Once through, all was well and we made good progress once more. That was until we arrived at Chudleigh. You have probably never heard of this town other than its namesake in England. This town does contain an interesting surprise - The Silk Fudge Shop. Now the fudge isn't made of silk, and the silk items sold are not fudge coated either. This is a thriving out of the way business with so many varieties of fudge to sample, one was starting to get a sugar high. There were a further 16 flavours that we didn't even see! The fudge panorama is half of the display.
Such a lovely lady who seems to enjoy extending conversations while you add more slabs of fudge to your purchases. We escaped with
just 8 flavours!
Next stop was a little past Mole Creek at King Solomon's Cave. We were hoping that some of his wealth may just drop into our pockets as indeed did the two farmers who found the cave many years ago. They lowered themselves via rope into the cave, turned on their light and WOW! The walls appeared to be diamond studded! Any way they lucked out as the sparklers were calcite crystal, and we found no diamonds either. There are three caves open to the public around Mole Creek, and access is by guided tour only. Interesting and informative as well. In one place there is evidence that an earthquake had lowered the floor from the ceiling but the gap is slowly being mended over as moisture seeps down from the ceiling.
We had made good progress for the day, and we noted that the central plateau looked clear, so we asked Tommy to take us to Cradle Mountain.
Off we went up Round Mountain. I'm not sure if the mountain is round or just the nature of the road. After many twists and turns we finally got to the summit and looked down on
the road from Gowrie park to Moina, a road we travelled on our second day in Tasmania.
These roads are slow to drive through, but just magic scenery, so far from boring. It wasn't long before we came to Moina and headed up to Cradle Mountain. The sky was clear and bode well for the following day. We collected our bus pass, found an unpowered site in the caravan park that suited us as it was too late to go down to the lake by that stage. Oh, nearly forgot to mention one of those 'I wish I had my camera' moments. We asked the camp ground to tell us which sites were available and set off to see if we liked before booking in. As we were walking back to the office, a big fat wombat just came out on the bush clad road about 20 feet from us.

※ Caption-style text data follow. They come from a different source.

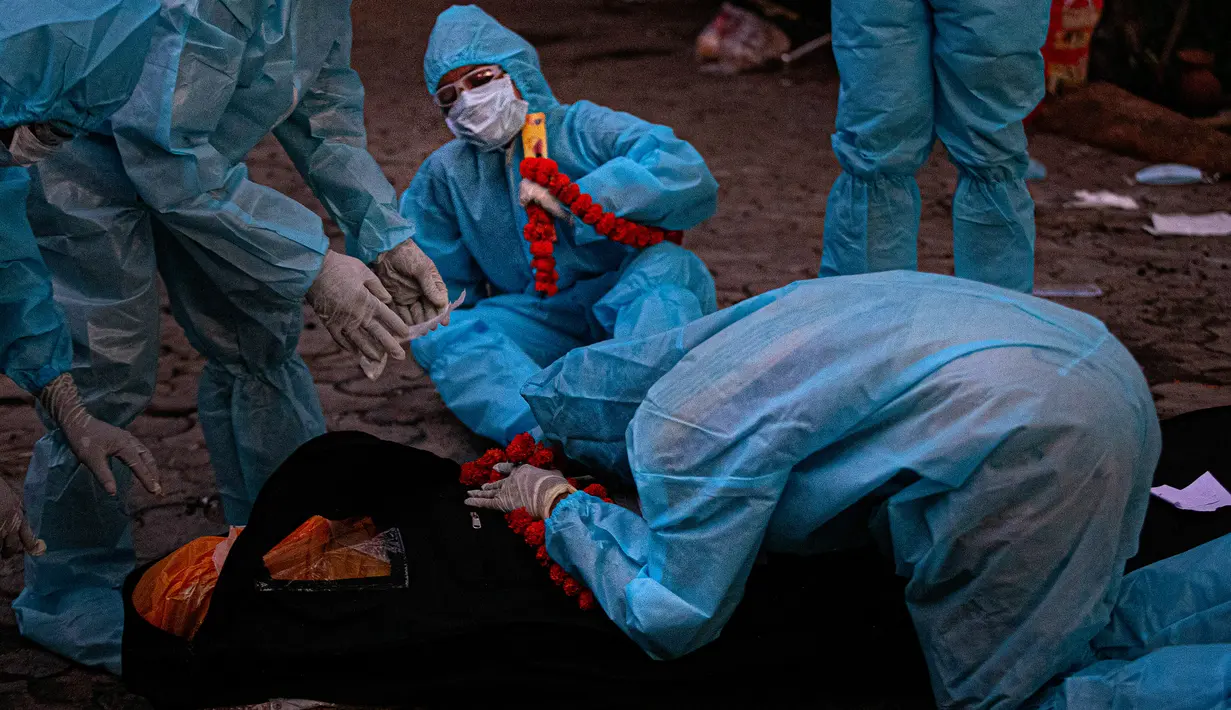 Kerabat dengan mengenakan alat pelindung diri menangis di dekat tubuh saat kremasi seseorang yang meninggal karena virus corona COVID-19 di Gauhati, India pada 28 September 2020. (AP Photo/Anupam Nath)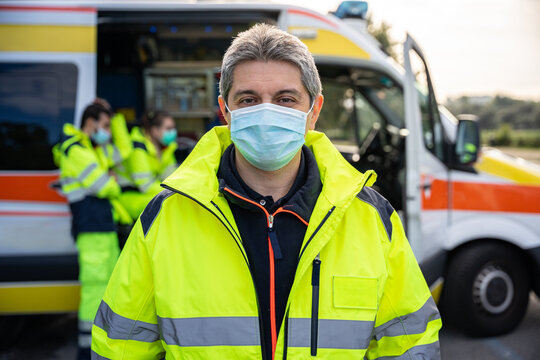 Portrait of friendly adult man with grey air at first aid in front of his colleagues in ambulance at break time at pandemic time from Coronavirus, Covid-19 He wearing face mask and uniform work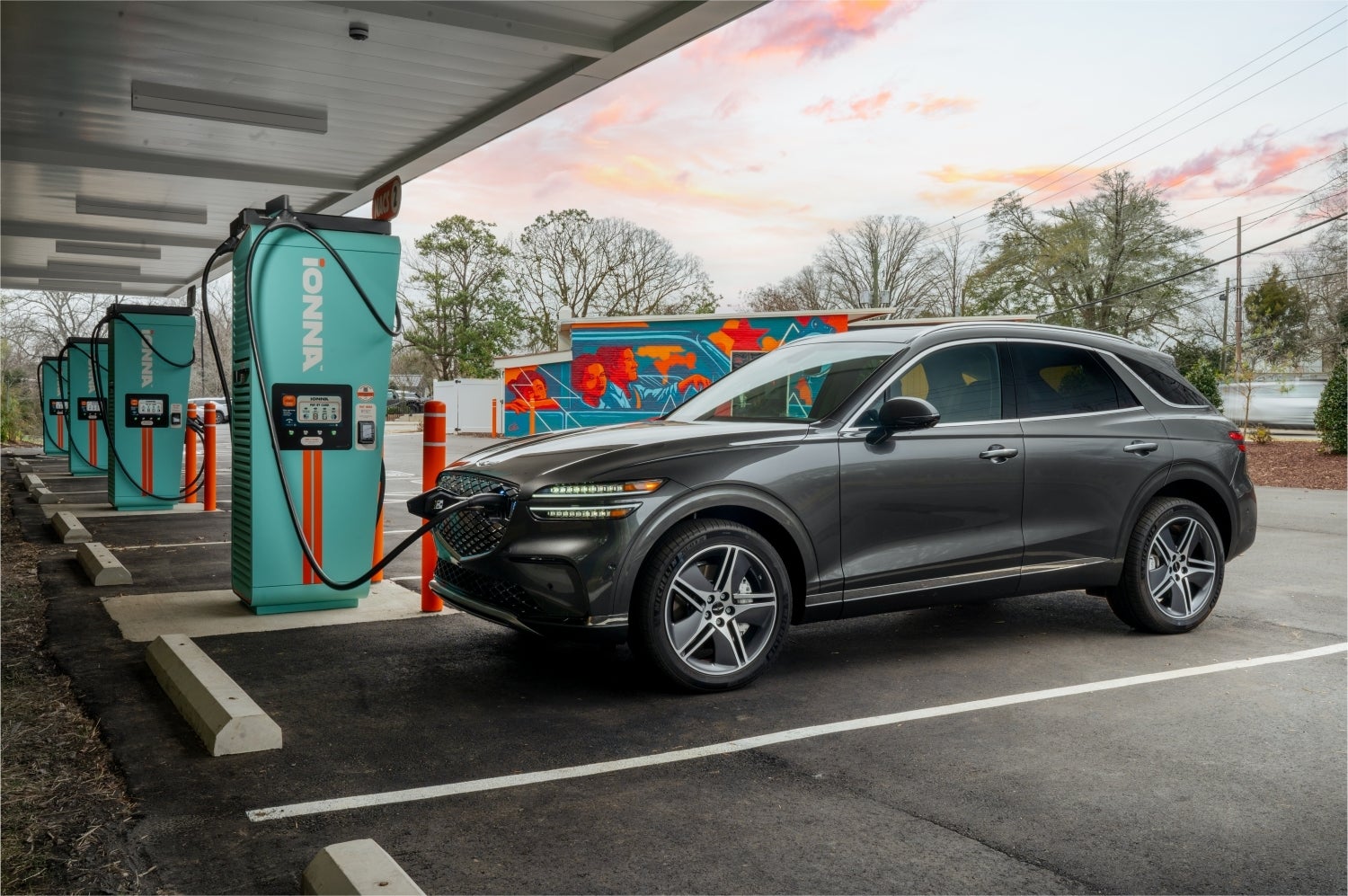 A savile silver is parked at a former gas station using an electric charger, showing the driver's side of the Genesis EV in Phoenix.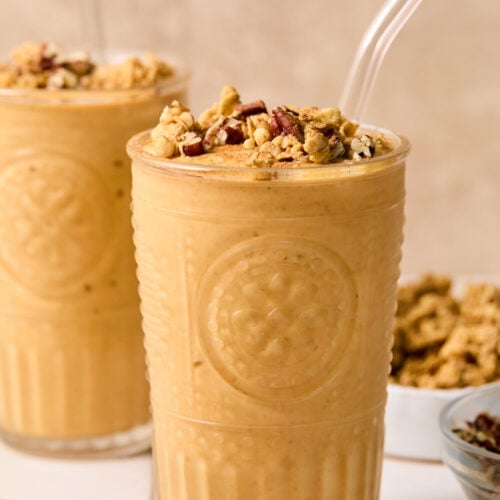 Pumpkin protein shake in a glass topped with chopped pecans and cinnamon, with a straw in it. Around the glass are some chopped pecans, a bowl of pumpkin puree, a bowl of chopped pecans, a bowl of granola, and another glass with a smoothie.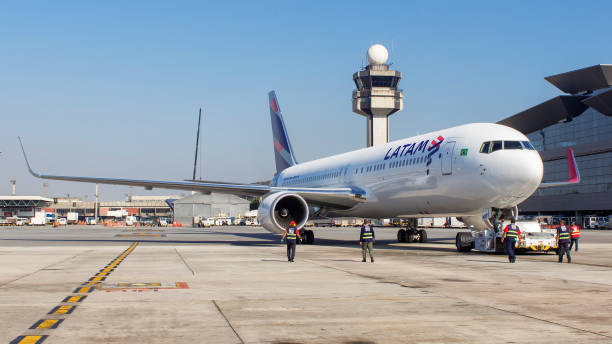 boeing 767 de latam airlines push con torre de control de tráfico aéreo en fondo en aeropuerto internacional de guarulhos en sao paulo brasil - runway airplane landing landing light fotografías e imágenes de stock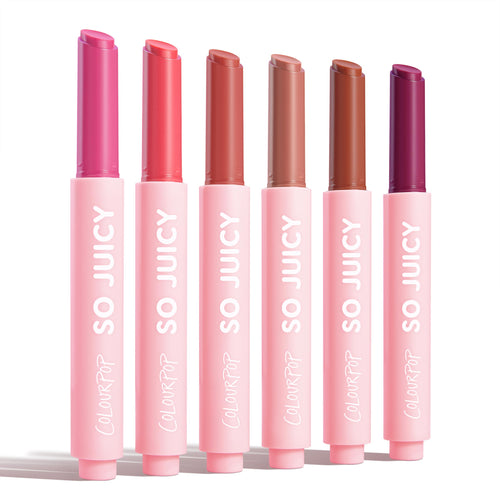 Six ColourPop So Juicy Plumping Gloss Balm with Peptides sticks, So Balm, stand upright and uncapped on a white background, displaying fuchsia, coral, rosy nude, beige, warm brown, and deep berry in pink tubes labeled SO JUICY.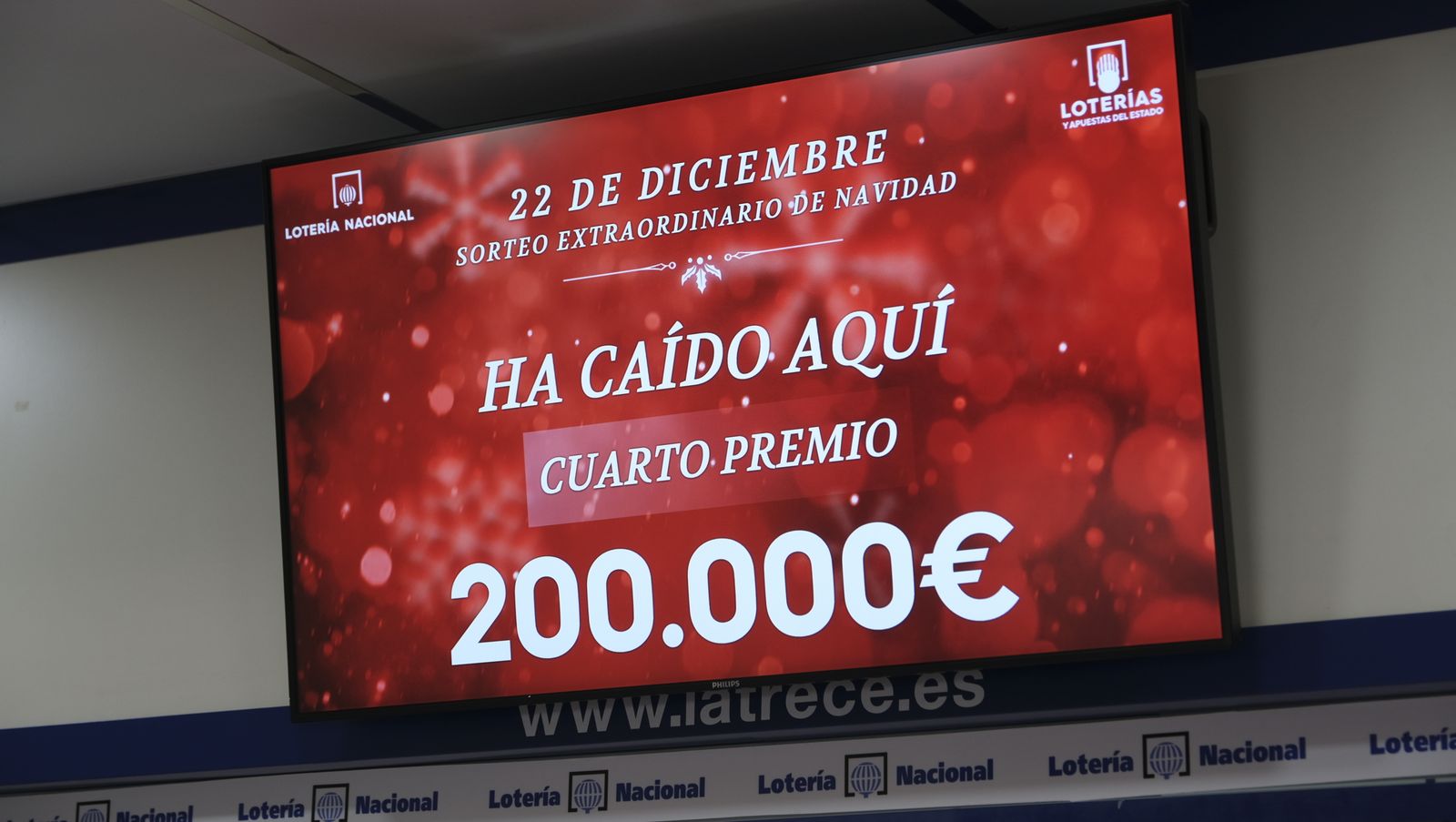Imágenes de los premiados por la Lotería de Navidad en Almería y provincia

We had read some grumpy reports about the caravan park at Cradle Mountain. We found the staff friendly and accommodating, and the unpowered sites, while expensive, were each separate little bush surrounded hide-aways. The camp kitchen is a beauty with a couple of welcoming open fires burning to
cheer the soul in the colder evening temps.
One of the things on our bucket list was to get to meet a Tasmanian Devil. We have seen some of devils driving cars down here; passing where they shouldn't, using both lanes as required. But the ones we wanted to meet are a rowdy bunch. Just 2 ks from the caravan park there is a Tassie Devil breeding and info centre. At 5.30 they feed these little fellows after showing the paying guests a film about these interesting animals.
These animals are the opposite of community - really solitary animals, but not territorial. They fight over two things - food and sex. We certainly witnessed a mighty 3 way tug of war over their dinner. They were discrete in respect of the other!
But it has been this biting that has transmitted the facial tumour across the population. The breeding program in Tasmania is aimed at getting healthy populations established and back out into the wild. The centre also has spotted quoll. These are cousins of the devils, but decidedly more attractive in their behaviour.
The tour finished about 7.00pm, so we headed back to the caravan
park and had a big bowl of minestrone soup sitting by the open fire.